**Your task**
Out of the records below, copy all lines in which the word "Mini" occurs.

**Data for processing**
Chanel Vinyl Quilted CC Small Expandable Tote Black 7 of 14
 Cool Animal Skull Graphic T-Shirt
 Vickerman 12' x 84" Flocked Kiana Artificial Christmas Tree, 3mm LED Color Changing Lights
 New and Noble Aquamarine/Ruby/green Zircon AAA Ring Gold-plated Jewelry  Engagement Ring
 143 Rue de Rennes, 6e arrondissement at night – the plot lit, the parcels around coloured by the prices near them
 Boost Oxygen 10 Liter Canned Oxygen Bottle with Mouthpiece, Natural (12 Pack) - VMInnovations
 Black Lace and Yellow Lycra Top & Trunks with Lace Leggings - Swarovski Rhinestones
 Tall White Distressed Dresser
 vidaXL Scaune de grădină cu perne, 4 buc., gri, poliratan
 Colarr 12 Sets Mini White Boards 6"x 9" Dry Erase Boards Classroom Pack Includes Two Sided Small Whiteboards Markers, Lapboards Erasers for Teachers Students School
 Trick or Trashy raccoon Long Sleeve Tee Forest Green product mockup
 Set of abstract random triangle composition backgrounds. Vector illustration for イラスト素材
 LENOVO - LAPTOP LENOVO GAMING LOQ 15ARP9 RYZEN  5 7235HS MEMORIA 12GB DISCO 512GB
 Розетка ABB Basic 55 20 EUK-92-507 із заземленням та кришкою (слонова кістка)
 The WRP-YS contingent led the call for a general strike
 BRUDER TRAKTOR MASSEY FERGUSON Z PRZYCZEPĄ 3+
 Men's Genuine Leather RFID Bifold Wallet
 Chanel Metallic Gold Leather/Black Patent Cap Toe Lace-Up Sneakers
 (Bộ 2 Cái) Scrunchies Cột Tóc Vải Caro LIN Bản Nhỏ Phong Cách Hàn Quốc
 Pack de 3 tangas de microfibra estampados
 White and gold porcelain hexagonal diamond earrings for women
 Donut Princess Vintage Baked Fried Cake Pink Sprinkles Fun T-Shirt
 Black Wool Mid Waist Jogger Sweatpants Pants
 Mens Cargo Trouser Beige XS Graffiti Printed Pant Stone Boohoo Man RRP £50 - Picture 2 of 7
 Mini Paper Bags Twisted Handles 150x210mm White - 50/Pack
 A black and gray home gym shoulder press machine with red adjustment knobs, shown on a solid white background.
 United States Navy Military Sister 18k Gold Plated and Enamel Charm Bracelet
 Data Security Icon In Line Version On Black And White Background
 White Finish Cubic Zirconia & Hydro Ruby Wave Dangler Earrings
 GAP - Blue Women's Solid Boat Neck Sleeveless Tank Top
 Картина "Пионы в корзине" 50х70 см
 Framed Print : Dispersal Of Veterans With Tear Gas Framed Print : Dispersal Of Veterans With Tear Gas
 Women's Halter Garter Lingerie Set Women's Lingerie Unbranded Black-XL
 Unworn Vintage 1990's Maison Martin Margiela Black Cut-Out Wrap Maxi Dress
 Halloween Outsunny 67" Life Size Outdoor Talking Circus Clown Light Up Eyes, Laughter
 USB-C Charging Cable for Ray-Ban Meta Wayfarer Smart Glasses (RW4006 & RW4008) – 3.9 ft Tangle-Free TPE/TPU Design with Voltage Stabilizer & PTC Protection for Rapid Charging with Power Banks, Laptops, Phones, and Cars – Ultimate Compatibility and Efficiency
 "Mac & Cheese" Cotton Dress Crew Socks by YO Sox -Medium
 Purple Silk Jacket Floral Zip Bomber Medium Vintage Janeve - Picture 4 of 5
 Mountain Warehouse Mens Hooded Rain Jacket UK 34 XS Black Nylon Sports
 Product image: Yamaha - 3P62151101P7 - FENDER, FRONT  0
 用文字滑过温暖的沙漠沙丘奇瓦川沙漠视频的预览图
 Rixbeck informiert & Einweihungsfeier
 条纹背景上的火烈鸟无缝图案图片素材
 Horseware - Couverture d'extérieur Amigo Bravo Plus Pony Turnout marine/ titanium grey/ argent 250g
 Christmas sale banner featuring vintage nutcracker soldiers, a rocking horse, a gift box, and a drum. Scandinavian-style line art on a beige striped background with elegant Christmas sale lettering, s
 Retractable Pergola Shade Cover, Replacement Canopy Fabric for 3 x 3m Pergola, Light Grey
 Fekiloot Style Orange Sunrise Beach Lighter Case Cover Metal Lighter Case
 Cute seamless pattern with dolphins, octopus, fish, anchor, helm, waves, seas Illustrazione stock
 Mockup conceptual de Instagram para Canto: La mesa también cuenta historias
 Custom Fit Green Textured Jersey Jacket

**Exercise solution**
 Colarr 12 Sets Mini White Boards 6"x 9" Dry Erase Boards Classroom Pack Includes Two Sided Small Whiteboards Markers, Lapboards Erasers for Teachers Students School
 Mini Paper Bags Twisted Handles 150x210mm White - 50/Pack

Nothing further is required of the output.